Em algumas empresas, vejo o esforço de marketing centralizado, campanhas amplas, peças bem elaboradas — mas que chegam aos corretores de forma padronizada, sem abertura para ajustes regionais, sem escuta ativa da ponta. E aí surge a dúvida: será que a campanha que funciona em São Paulo ressoa da mesma forma em Campina Grande ou em Manaus?
Muitos falam sobre “regionalizar a comunicação”, mas poucos conseguem de fato fazer isso. Talvez porque isso exija mais do que adaptar sotaques ou trocar imagens em peças. Regionalizar, nesse caso, é entender o comportamento local, a relação com o produto, a jornada do cliente. E quem melhor entende isso, muitas vezes, são os gerentes e corretores locais. Será que não faria sentido envolver essas pessoas na criação da mensagem? Não como “repassadores” da campanha, mas como coautores da comunicação?
Há quem diga que algumas empresas já começam a testar modelos mais compartilhados, com núcleos regionais de comunicação ou campanhas cocriadas entre marketing e operação. Os resultados ainda são tímidos, mas parece haver sinais de melhora em engajamento, compreensão e até performance comercial. Seria esse o caminho?
Esse desafio não está restrito ao relacionamento com o cliente. Dentro das próprias seguradoras, não são raras as situações em que um benefício relevante é pouco conhecido entre os colaboradores — simplesmente porque a comunicação interna não conseguiu dar o destaque e a clareza necessária. E se mesmo dentro da casa a mensagem não chega como deveria, o que dizer da complexidade de comunicar valor ao cliente final, passando por diversas camadas de interpretação?

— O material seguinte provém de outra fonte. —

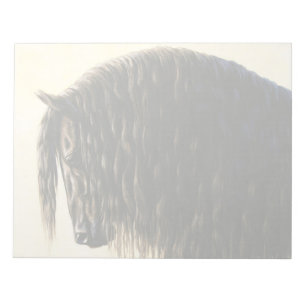Black Friesian Draft Horse Anteckningsblock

Talvez estejamos investindo demais em tecnologia e de menos em pessoas. Ferramentas para analisar dados são importantes — mas será que não precisamos, com ainda mais urgência, de profissionais capazes de traduzir esses dados em histórias, argumentos, estratégias?
O que aconteceria se, em vez de entregar relatórios prontos, as áreas de inteligência se sentassem à mesa com os gerentes regionais para debater hipóteses juntos? Se o marketing conversasse diretamente com os corretores antes de criar campanhas? Será que não surgiriam soluções mais adaptadas, mais eficazes e até mais baratas?
O setor de seguros é competitivo e cheio de nuances. Todos querem fazer melhor uso dos dados — mas talvez estejamos pulando etapas fundamentais: ouvir, contextualizar, adaptar. E, principalmente, perguntar mais e afirmar menos.
Porque no fim das contas, não vence quem tem mais número no sistema, mas quem consegue transformar esses números em mensagens compreensíveis, relevantes e acionáveis — seja para o corretor, para o cliente ou para o próprio time.
Talvez o futuro da comunicação no setor de seguros esteja menos na próxima grande tecnologia e mais na simples (e complexa) arte de conversar melhor.